A couple of weeks ago my blogging buddy Trevor O’Donnell posted one of his parting essays, “Community Engagement is a Lousy Way to Sell Tickets.” [Disclosure: we had been corresponding on the subject in the days ahead of that post.] In it he highlights the fact that community engagement does not generate much in the way of immediate ticket sales and to expect it to do so demonstrates a lack of understanding of the nature of the work. He also expresses concern that combining marketing and community engagement in a single position as some organizations are beginning to do dilutes both and makes effectiveness nearly impossible. (To be fair, I think he would say “impossible.”) As is often the case, he and I are in wide agreement on much he wrote. In particular, when he said “community engagement will one day eclipse marketing as the ultimate way to make arts organizations optimally responsible to, and thus more relevant, useful and valuable to, their communities” I almost thought I was ready to go check into my retirement villa in Belize. (Well, OK, no such thing actually exists, but I can dream.)
Yet, there were a couple of nits to pick. He held that community engagement was inherently expensive and that it implied charity work such as “homeless shelter painting classes, free concerts in the parks or elementary arts education.” With respect to the former, as I commented on his blog,
Some choices might be expensive, but engagement is fundamentally 1) rooted in a community-aware mindset out of which programming arises (programming for which budgets already exist) and 2) expressed in relationship building. Changing habits of thought may be incredibly difficult but it is not necessarily expensive. Nurturing relationships cannot be, like fundraising should not be, placed solely in the lap of staff. There are interesting things that can be done with board and other volunteers working with communities to build trust, awareness, and understanding.
Few things in life have no cost, but a good part of my current work is helping organizations see how things they already do (and for which budgets exist) can be re-purposed with a greater emphasis on communities and relationship building without radically overthrowing the enterprise.
An equally important nit lies in the assumption that community engagement equates with charity work. Again, as I said in response to his post:
That might be true if the only communities we needed to address were the homeless or those subsisting on incomes below the poverty line, but there are plenty of other non-participating communities with which we need to build relationships.
Some charity work undertaken by arts organizations might represent true community engagement, but I’m hard-pressed to believe that many arts organizations would choose the homeless or the desperately poor as the first communities with which they need to build relationships. The universe of those unassociated with or disaffected from arts organizations is depressingly vast.

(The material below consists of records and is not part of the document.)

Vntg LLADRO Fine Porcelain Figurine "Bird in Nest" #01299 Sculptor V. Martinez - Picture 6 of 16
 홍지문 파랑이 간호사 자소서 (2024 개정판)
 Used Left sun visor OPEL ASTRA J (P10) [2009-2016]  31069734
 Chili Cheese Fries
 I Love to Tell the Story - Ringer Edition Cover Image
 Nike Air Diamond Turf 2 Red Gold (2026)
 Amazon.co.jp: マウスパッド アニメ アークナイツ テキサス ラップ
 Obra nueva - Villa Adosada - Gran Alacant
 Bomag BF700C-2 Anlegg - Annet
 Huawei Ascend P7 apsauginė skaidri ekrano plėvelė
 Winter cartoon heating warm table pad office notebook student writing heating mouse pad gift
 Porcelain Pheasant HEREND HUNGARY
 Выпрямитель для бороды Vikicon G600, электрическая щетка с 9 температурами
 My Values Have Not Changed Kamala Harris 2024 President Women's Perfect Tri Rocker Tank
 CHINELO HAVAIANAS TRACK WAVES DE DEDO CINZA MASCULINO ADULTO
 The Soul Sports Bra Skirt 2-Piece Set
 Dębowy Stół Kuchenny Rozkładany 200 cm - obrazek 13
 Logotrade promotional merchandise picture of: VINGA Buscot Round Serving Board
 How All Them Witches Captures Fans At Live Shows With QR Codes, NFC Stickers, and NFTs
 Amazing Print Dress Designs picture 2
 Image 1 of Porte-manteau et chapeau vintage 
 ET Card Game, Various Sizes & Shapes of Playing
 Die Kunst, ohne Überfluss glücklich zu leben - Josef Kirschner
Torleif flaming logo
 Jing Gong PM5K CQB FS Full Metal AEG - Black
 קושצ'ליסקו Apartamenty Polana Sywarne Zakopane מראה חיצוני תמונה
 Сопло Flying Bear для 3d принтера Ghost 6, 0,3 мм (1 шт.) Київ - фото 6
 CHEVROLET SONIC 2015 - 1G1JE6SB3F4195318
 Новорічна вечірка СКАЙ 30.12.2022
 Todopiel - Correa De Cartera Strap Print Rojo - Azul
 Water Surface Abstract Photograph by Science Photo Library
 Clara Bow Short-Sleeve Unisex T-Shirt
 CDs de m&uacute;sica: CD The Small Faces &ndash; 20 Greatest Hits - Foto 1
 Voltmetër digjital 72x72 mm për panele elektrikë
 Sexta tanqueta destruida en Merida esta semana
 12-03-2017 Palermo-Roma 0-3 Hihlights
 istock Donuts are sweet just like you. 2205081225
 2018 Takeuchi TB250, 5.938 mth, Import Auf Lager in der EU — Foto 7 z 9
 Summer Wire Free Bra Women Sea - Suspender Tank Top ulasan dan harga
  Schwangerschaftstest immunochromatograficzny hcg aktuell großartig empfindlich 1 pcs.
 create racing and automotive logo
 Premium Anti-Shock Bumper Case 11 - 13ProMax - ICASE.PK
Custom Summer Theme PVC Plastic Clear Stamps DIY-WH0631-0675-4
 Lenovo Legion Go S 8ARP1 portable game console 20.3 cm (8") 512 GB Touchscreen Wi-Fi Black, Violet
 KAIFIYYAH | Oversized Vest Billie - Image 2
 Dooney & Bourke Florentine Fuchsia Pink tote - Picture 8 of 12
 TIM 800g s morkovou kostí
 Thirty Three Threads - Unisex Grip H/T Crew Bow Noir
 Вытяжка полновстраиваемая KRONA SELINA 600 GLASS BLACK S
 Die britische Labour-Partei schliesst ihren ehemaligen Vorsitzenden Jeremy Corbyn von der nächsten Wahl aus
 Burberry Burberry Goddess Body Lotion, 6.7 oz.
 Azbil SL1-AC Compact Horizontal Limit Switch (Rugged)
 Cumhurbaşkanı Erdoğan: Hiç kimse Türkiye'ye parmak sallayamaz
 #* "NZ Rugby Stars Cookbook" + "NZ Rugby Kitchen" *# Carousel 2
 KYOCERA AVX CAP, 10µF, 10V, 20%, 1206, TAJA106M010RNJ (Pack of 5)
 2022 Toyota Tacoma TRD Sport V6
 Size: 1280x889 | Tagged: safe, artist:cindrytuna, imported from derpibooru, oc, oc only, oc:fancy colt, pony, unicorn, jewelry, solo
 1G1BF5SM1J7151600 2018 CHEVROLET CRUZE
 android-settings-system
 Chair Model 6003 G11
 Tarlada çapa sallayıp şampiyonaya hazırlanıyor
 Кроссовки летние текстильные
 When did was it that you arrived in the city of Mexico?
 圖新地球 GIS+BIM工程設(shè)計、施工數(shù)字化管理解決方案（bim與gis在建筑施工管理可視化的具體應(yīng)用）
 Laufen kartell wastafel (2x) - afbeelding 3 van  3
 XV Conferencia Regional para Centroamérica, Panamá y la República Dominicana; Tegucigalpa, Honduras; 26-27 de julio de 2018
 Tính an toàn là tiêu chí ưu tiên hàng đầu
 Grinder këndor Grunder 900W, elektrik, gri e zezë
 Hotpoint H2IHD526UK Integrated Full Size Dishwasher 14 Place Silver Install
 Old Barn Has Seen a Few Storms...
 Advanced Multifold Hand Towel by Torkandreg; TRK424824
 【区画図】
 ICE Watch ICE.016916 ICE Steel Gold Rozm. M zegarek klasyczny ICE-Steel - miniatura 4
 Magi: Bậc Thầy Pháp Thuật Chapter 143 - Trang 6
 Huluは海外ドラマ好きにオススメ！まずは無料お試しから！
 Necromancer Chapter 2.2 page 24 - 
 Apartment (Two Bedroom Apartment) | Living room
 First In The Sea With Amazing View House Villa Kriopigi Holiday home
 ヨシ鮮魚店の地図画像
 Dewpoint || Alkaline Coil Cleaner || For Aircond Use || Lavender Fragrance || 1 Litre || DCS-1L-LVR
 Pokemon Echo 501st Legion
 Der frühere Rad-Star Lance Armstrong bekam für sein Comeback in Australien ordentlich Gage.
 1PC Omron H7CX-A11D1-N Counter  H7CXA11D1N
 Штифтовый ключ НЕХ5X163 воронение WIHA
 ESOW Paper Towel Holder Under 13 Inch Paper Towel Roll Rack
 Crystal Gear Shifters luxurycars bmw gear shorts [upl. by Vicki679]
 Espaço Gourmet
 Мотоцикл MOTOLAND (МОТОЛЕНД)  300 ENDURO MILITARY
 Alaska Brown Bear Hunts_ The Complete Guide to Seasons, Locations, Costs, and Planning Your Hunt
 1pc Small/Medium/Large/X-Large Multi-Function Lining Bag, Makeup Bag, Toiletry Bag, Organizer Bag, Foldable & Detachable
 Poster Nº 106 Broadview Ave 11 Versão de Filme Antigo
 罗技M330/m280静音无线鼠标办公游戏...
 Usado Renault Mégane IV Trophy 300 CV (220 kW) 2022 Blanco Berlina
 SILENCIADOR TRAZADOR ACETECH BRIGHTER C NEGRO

If as is too often the case, such work is for the purpose of image-buffing, its intent is not to build relationships with those being served; its goal is to be seen as worthy by the community at large. There are far more efficient ways to build relationships (directly) with new communities. Charity work can be valuable in demonstrating bona fides as a responsible community citizen but it’s not inherently community engagement. (I even agree with him, as addressed in our comments on his post, that affluent young lawyers who are not already arts supporters are a community worthy of pursuit. It’s just that that group, by and large, will not expand the demographic pool–an essential outcome for long-term viability.)
Don’t get me wrong, charitable endeavors are necessary in a healthy society, but I am in no way suggesting that arts organizations become community charities. If some choose to go that route, that’s fine. My advocacy, in contrast, is for community-aware activities, growing out of relationships of trust and understanding, that benefit both the community and the arts organization. Sustainable results cannot be achieved if there is no self-interest served for the organization and for the arts.